Paper 48, Constructive Reverse Mathematics Series Description: We apply Constructive Reverse Mathematics to calibrate the logical strength of the Birch and Swinnerton-Dyer (BSD) conjecture for elliptic curves over Q. Four theorems (B1-B4) constitute the calibration. Theorem B1 proves that deciding L (E, 1) = 0 (the analytic rank question) is equivalent to the Limited Principle of Omniscience for R. Theorem B2 shows the Neron-Tate height pairing provides a positive-definite inner product on E (Q) tensor R, an Archimedean polarization available because positive-definite forms exist in all dimensions over R. Theorem B3 proves the regulator det > 0 using only BISH (no omniscience).
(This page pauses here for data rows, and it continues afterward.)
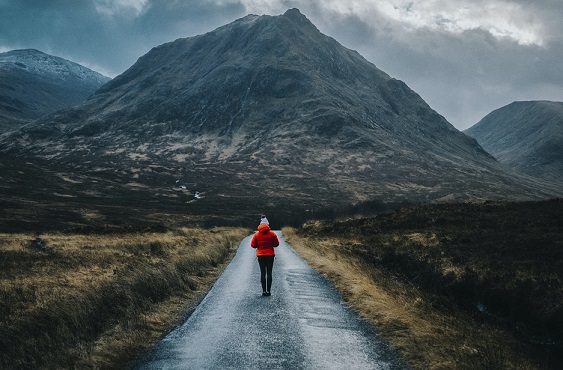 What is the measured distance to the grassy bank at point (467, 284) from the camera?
28.8 feet

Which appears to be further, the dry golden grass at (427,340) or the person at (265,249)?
the person at (265,249)

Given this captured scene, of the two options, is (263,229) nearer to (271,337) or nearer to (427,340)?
(271,337)

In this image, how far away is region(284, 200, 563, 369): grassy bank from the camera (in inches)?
346

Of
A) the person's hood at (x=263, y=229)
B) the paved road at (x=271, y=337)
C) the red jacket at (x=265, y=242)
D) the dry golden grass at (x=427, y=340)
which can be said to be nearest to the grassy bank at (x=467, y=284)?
the dry golden grass at (x=427, y=340)

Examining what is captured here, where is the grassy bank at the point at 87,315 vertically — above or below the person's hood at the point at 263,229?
below

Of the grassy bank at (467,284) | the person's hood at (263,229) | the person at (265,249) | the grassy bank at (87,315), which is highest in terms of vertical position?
the person's hood at (263,229)

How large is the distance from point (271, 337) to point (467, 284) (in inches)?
603

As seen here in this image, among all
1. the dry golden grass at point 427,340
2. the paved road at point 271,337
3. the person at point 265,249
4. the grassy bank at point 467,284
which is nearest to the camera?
the paved road at point 271,337

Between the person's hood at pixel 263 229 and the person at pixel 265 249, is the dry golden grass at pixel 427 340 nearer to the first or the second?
the person at pixel 265 249

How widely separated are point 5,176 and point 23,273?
165 meters

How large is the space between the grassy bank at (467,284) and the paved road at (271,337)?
0.72 meters

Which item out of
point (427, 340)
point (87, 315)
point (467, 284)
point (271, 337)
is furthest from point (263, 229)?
point (467, 284)

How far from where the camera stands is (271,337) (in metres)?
8.87

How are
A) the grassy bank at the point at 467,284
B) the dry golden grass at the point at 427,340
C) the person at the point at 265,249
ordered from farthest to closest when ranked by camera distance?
the person at the point at 265,249, the grassy bank at the point at 467,284, the dry golden grass at the point at 427,340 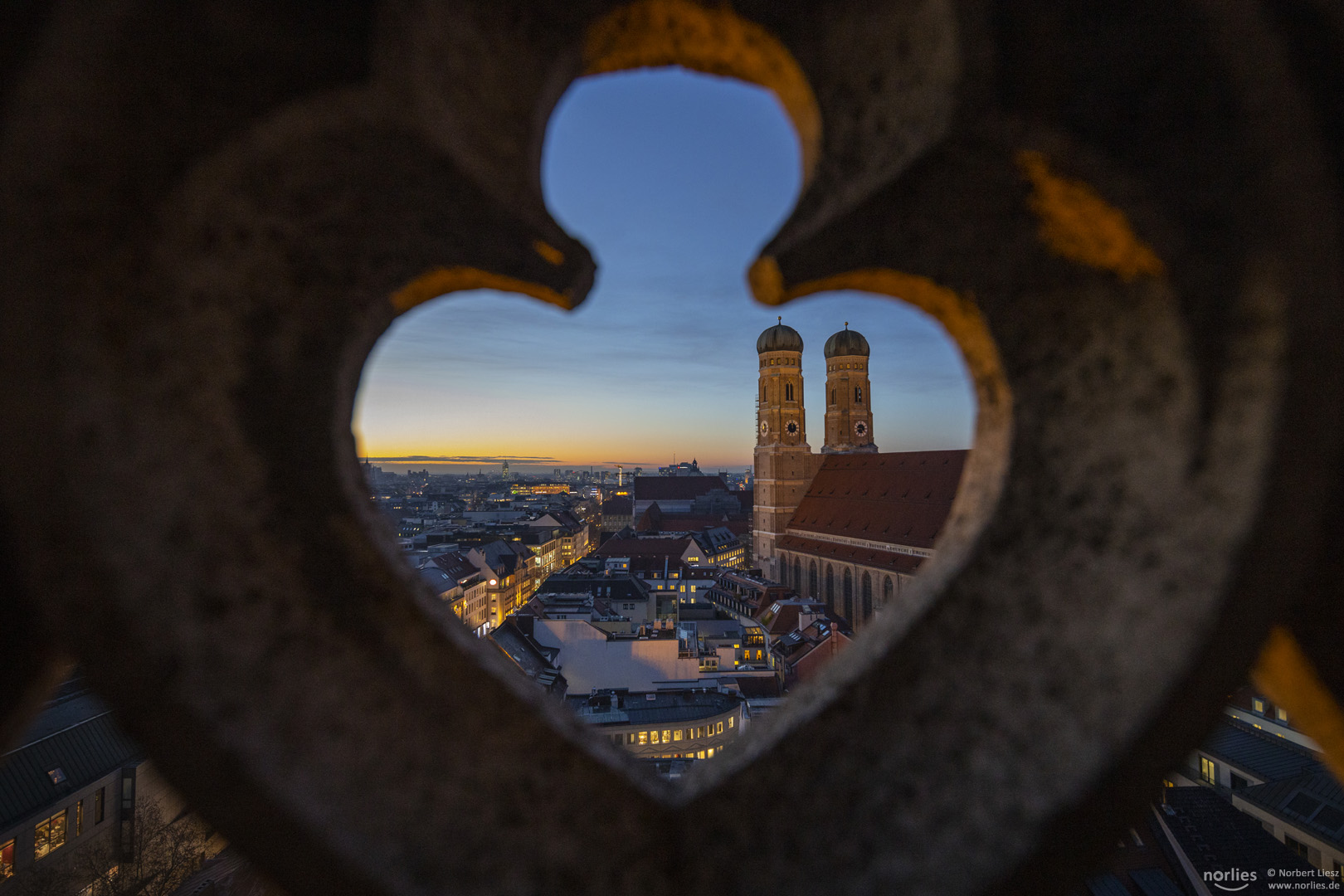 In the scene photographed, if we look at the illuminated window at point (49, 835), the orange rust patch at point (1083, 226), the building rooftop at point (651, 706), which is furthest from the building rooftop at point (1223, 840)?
the illuminated window at point (49, 835)

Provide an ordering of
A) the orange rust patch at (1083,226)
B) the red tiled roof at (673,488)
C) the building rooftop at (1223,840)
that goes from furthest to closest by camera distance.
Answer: the red tiled roof at (673,488)
the building rooftop at (1223,840)
the orange rust patch at (1083,226)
Theorem B4 proves the p-adic height pairing cannot be positive-definite for rank >= 5 (since u (Qₚ) = 4), explaining the Mazur-Tate-Teitelbaum exceptional zero pathology. The central finding: BSD is the first conjecture in the five-conjecture atlas where the Archimedean polarization is available. Papers 45-47 proved it is blocked at every finite prime. The analytic side of BSD calibrates at LPO; the algebraic side is BISH. All results are formalized in Lean 4 over Mathlib with 0 errors, 0 sorry, and 9 custom axioms. Bundle includes LaTeX source, compiled PDF, and full Lean 4 formalization.